The remainder of the day's work meant confusion and headaches for Evan. Before going to his boarding-house for supper he took a walk by himself along one of the back streets of Mt. Alban. A song his sister used to sing seemed to dwell in the very air about him. It associated itself with home memories and sent a thrill through him.
Mt. Alban was only thirty miles from Hometon, and yet Evan felt that he was gone from home forever. So he was—if he continued to work in the bank. He knew that he would be able to get home only for an occasional week-end; nor were the Hometon trains convenient to bank hours. There was no branch of the bank in Hometon, and he would, consequently, never be located there. When the first move came it would take him still further away.
Evan sauntered, with his thoughts, past comfortable homes fronted with lawns and shaded by weeping willows. There is a peculiar melancholia about a May day; it had an effect on the young bankclerk. He walked by hedges beyond the end of Mt. Alban's asphalt out into the suburbs. Spring birds sang their thanks to Nature, and to the homesick heart a bird's singing is sadness. It is natural for such a heart to seek quiet. Evan had no desire for company. He wanted to think, all by himself. His mind travelled in the one circle, the arcs of which were home, school and the bank. Yes, and Frankie Arling!
Although only seventeen he had a tenacious way of liking a girl; and Frankie had always appealed to him. He thought of her as he walked by the hedges. It was she, indeed, who helped him, more than anything else, to forget the ordeal of his first few days' clerkship. He shuddered when he thought of the hundred and one inscrutable books in the office, so well known to the teller and Watson, and a shiver accompanied thought of mail and copying-books; but he viewed matters from a different angle when Frankie came forward in his mind. How worldly-wise he would be when he went home, and what a hit he would make with his own money in the ice-cream places of Hometon! Wouldn't Frankie be proud of him!

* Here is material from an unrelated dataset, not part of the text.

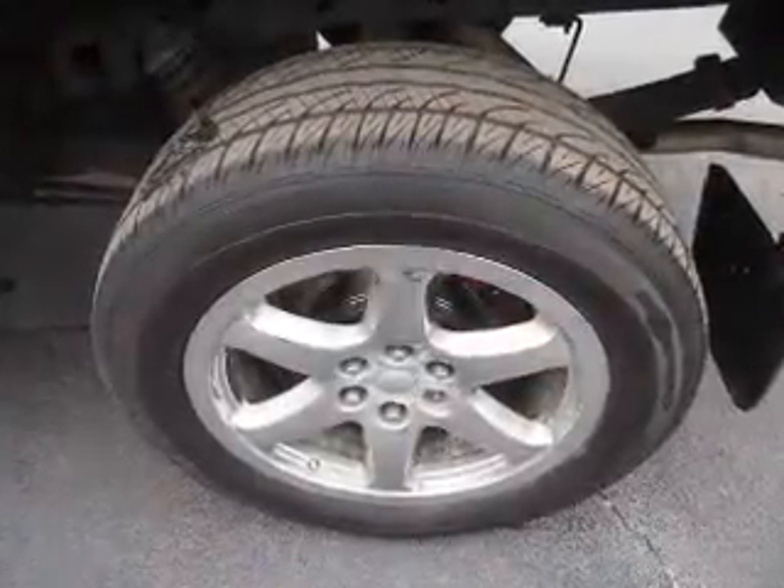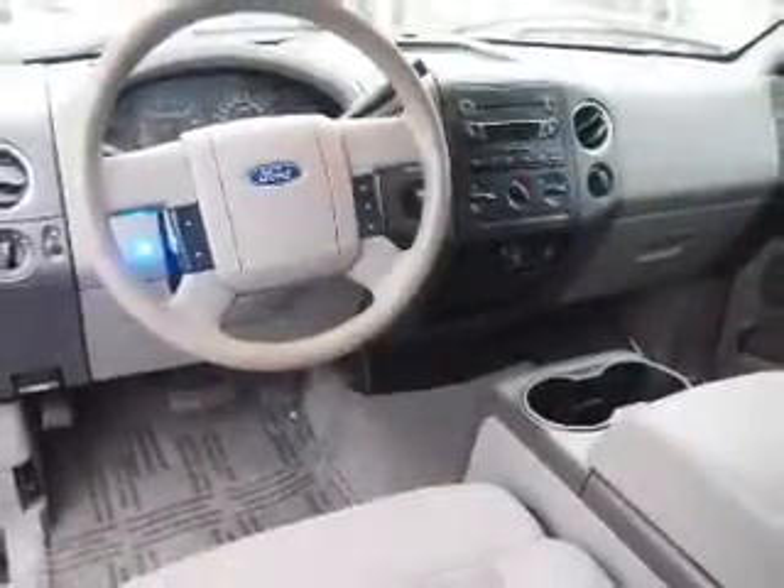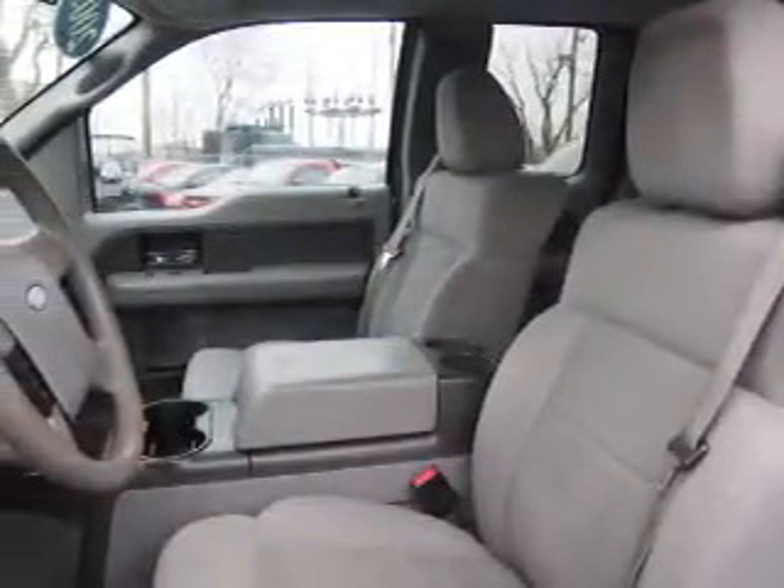Rest easy knowing this vehicle comes with a Carfax Vehicle History Report from Carfax, the most trusted provider of vehicle history information. Let us put you in the driver's seat today. Call or click to contact us.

Exclamation marks hardly do justice to Evan's enthusiasm as he allowed himself to speculate on the future. Being "good stuff" at bottom, he forced himself, finally, on this May-day walk, to look at the sunlight on the lawns and trees; and when he doubled back to the boarding-house it was with a good imitation of his old football energy. At table he spoke blithely to the guests, and was quite gay during soup. Cold roast beef brought a slight chill with it. Cake had something of a sour flavor. He drank his tea in silence.
In the evening he declined an invitation to a party, extended to him over the telephone, at the bank. After sweeping out the office he perched himself on a stool and wrote a long letter home. Before daylight had quite disappeared he "wound" the vault combination, seriously, faithfully, and crept up the back stairs to his bed above the bank's treasure. He soberly inspected a heavy revolver, placed it on a chair beside the bed, and retired with a sound not unlike a groan.
Perry came in late and raised a dreadful hubbub. He smoked cigarettes in the room, whistled the raggiest rags and tried his best to make things uncomfortable for the new man. Nelson ground his teeth beneath the sheets and wished he had been born strong.
The first official question Evan was asked the following morning concerned the winding of the combination.
"Never forget that," enjoined Watson.
"Mr. Nelson," called the teller from his cage, "come here." Evan obeyed the summons.